Gonzalo threw Kura to his men. On the way back to Ollantaytambo, she tried to protect herself by covering herself in her own excrement.

In the plaza of Ollantaytambo, where today hundreds of tourists park their buses every day, Francisco and Gonzalo Pizarro ordered her stripped naked, tied to a stake and whipped while Cañari mercenaries stoned her and shot darts into her.

She refused to cry out, the chroniclers report, until just before dying, she shouted out, “Cowards!”

Manco, like his wife-sister, was clearly a noble, brave, devastatingly young leader. He was assassinated in Vilcabamba a few years later by the same renegade Spaniards who earlier had killed Francisco Pizarro himself down in Lima.

Gonzalo rebelled against the Crown, killed the Viceroy and 300 royalist Spaniards and was later executed in Cuzco by a new Virrey.

Manco and Kura Ocllo, youthful, dashing, are the stunning heroes in one of the epic moments of world history.

Here is Othello and Romeo & Juliet all in one, a crueler, nobler Helen of Troy-Paris-Achilles. But how many Peruvian children, or their parents, know this story? Two of my children did their early-ays schooling within a couple of miles of the scene of her outrageous death. But I’ve asked them, and other Urubamba kids, and they know her not.

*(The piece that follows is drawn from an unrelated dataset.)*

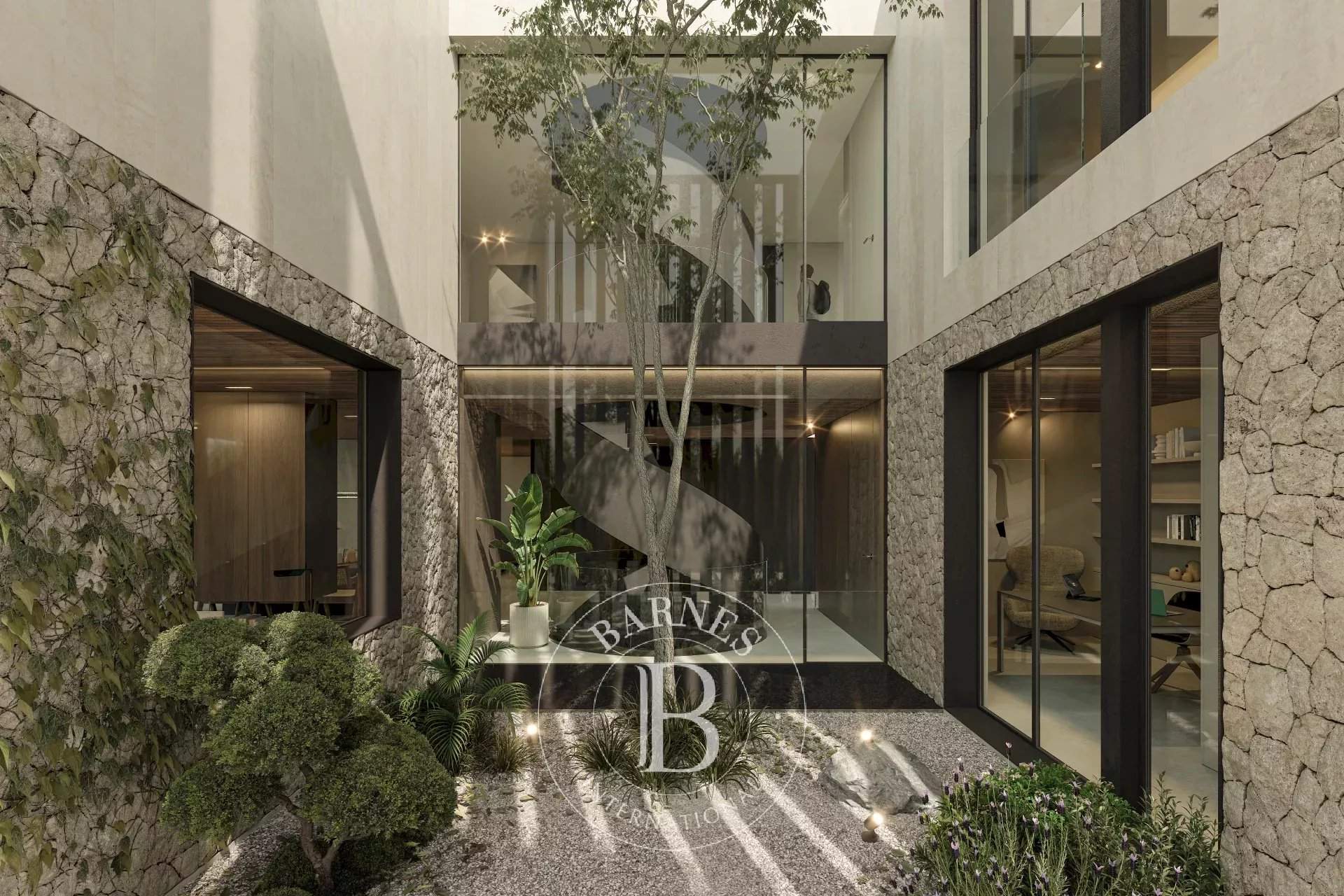 Alella  - House 8 Bedrooms - picture 6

Nor did I, of course. I have extracted and summarized the Kura Occlo story from Kim MacQuarrie’s excellent “The Last Days of the Incas” due to be published shortly in Spanish in Lima, in time for the Bingham-Machu Picchu fandango in July.

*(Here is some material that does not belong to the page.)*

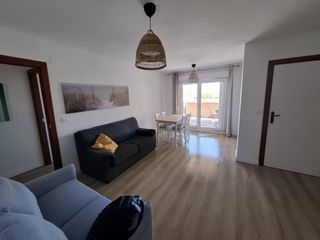 Rent Flat in Bega de Mar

Kura Occlo and Manco are just two of a great cast of characters in a gigantic confrontation, the collision of two of the great traditions of humankind.

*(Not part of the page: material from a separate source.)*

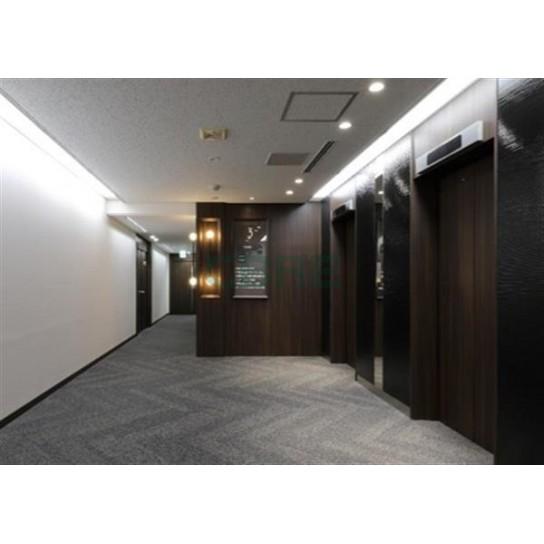 エレベーターホール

In France, Joan of Arc, burned at the stake by the English in 14xx, is a much-loved heroine, a registered saint and indeed us English treat her memory with equal affection. The English are also proud of Boadicea, the Celtic queen who was, with her daughters, publicly tortured, gang-raped and killed by the Romans two millennia ago. Kura Ocllo deserves, surely, to be remembered with similar pride by Peruvian schoolchildren. Manco, likewise.

MacQuarrie’s sources for the Kura Oclloa story are the account dictated by Manco’s son, Titu Cusi, the last-but-one Inca, to Cristobal de Molina, and a letter by a Spaniard explaining to the King of Spain how Gonzalo stole Manco’s wife.

MacQuarrie’s The Last Days of the Incas tells the stupendous story of the Conquista better than anyone so far. It is deliberately dramatic “…blood dripped from Pizarro’s sword…” etc. But it is also carefully researched and runs parallel to John Hemmings’ classic The Conquest of the Incas which appeared in 1970 and updated and translated into Spanish in 1995, a gripping must-read.

But Kim MacQuarrie’s “Last Days” brings the cruelty, the civilizing savagery, the wealth that was to transform the economy of Europe and above all the characters to immediate life. The five Pizarro brothers, unbelievably tough and courageous, impossibly wealthy, low-born and ambitious,

The backdrop was a society, the last, sadly, of a score of great cultures produced here over many millennia, which functioned much better than any contemporary in Europe, and incomparably better than any that has struggled to succeed in Peru or anywhere else in South America.

Perhaps MacQuarrie’s “Last Days” will inspire teachers in schools all over Peru, high and low, to take a new, proud look at their own world-class predecessors.